This multidisciplinary project will allow a high-resolution reconstruction of paleoenvironmental conditions on the eastern Adriatic during the Late Quaternary eustatic cycle which includes very important periods of environmental change. This type of research is essential in estimating the response of the present-day coastal areas to the future sea-level and climate changes. QMAD will gain on the team and knowledge gathered during the LoLADRIA project and elevate it to the next level.
The objectives
Scientists dealing with marine paleoenvironments of the Adriatic sea have joined forces to reconstruct ecosystems in the central part of Dalmatia on the eastern shores of the Adriatic Sea. Using stratigraphy, micropaleontology, geochemistry, aDNA and geophysics, they will be track sediments from fluvial/lake to deeper marine environments to reconstruct the paleoenvironmental evolution on a relatively short transect less than 100 km in length (Eastern MAD to Lake Prokljan in the Krka River estuary). This research will produce climate and environmental proxy data and as such will also insights into Late Quaternary landscapes and their suitability human migration along of the Eastern Adriatic coast. The Krka delta plain existed during pre and post LGM periods and study of its development will help to complete the picture of the environments that the Late Upper Paleolithic hunters and gatherers encountered on the Eastern Adriatic.

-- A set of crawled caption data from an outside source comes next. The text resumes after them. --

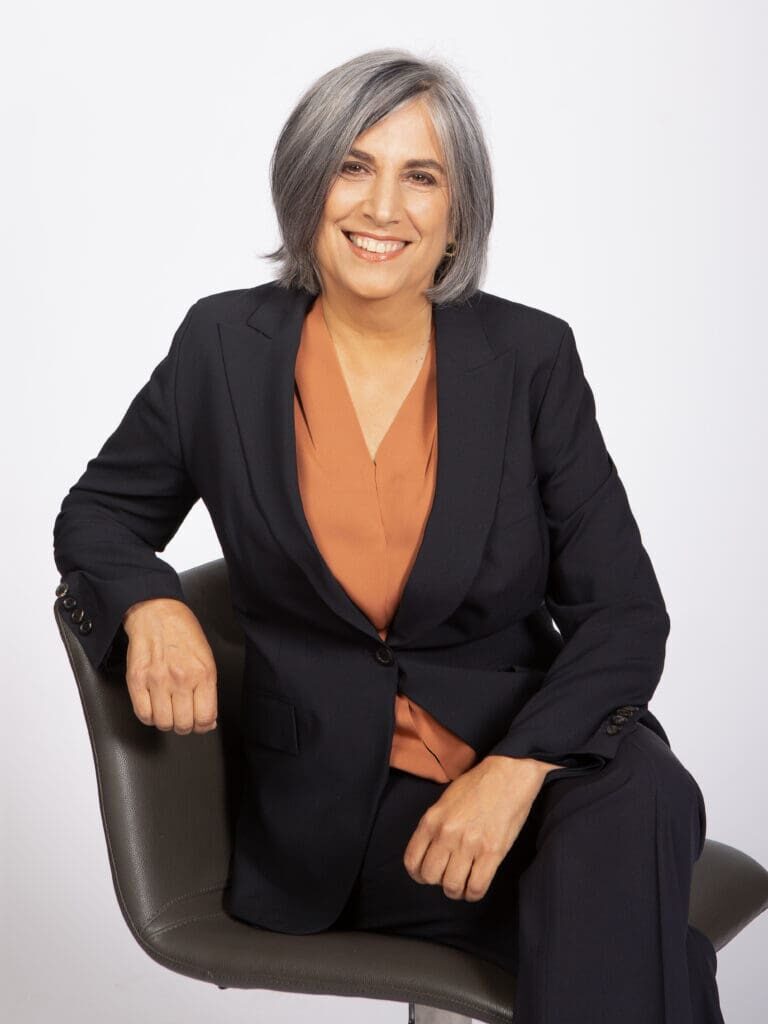 Woman with gray hair in a black suit and orange blouse sits on a chair, smiling at the camera against a plain white background.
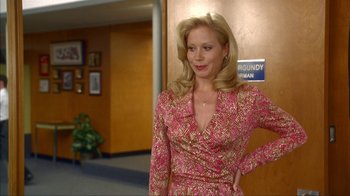 Movie still from “Anchorman: The Legend of Ron Burgundy” (2004), directed by Adam McKay – A woman in a pink dress standing next to a door; Medium shot, Over the shoulder angle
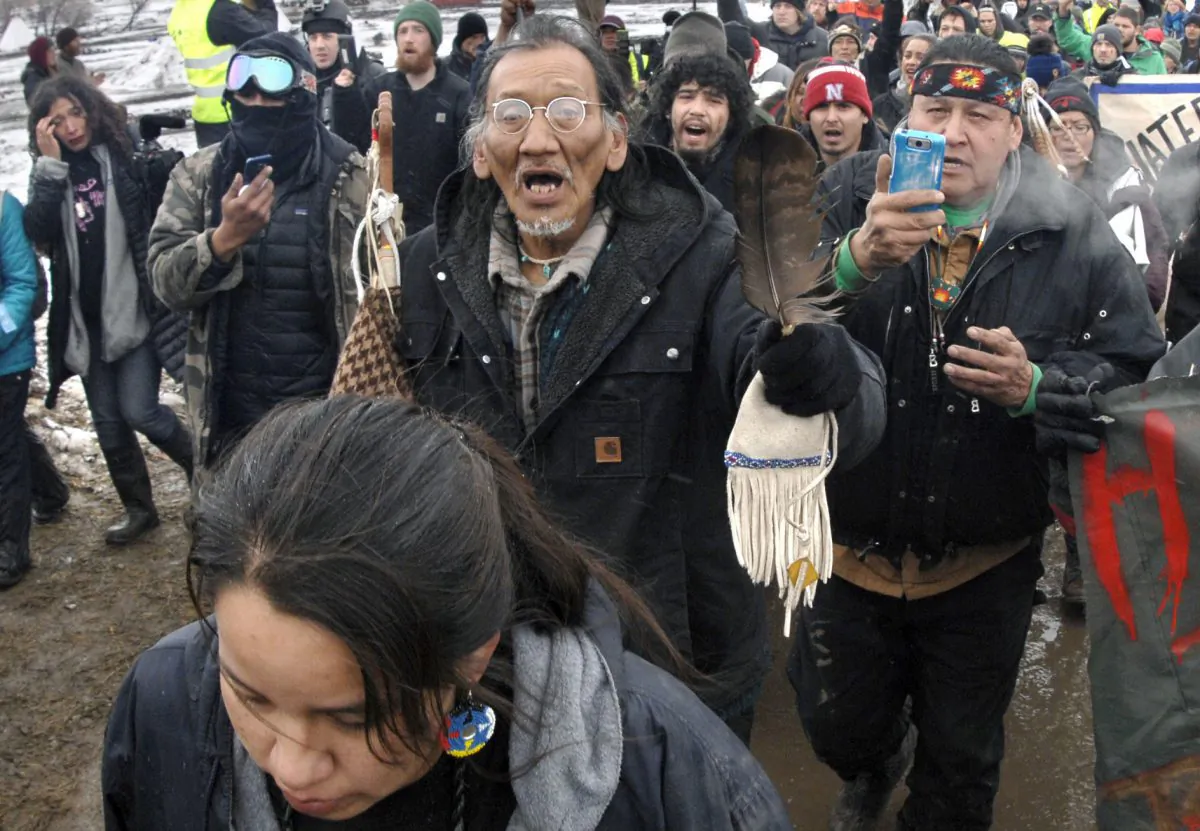 In this Feb. 22, 2017, file photo, Nathan Phillips, center with glasses, and other Dakota Access Pipeline protesters march in North Dakota. (Mike McCleary/The Bismarck Tribune via AP, File)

(1) identify and recover the best sedimentary archives that store major changes in the
depositional environment ;
(2) use seismic and lithologic data to reconstruct the paleolandscape geomorphology;
(3) establish a chronological framework of past environmental change;
(4) reconstruct the local-to-regional expression of (hydro-)climatic change in light of global-scale changes in climate boundary conditions;
(5) discuss the impacts of site-specific factors for human occupation during the terrestrial phases of MIS 3 and MIS 4 into the Holocene and compare with regional long-term climate records (Alpine, Apennine, Dinaric and Balkan regions);
(6) link archaeological data with dated sea-level and landscape changes to reconstruct possible human contacts between different regions during Falling-Lowstand-Transgressive Tracts and the role of the Krka river that divides the eastern Adriatic coast and its role as a land/floodplain bridge.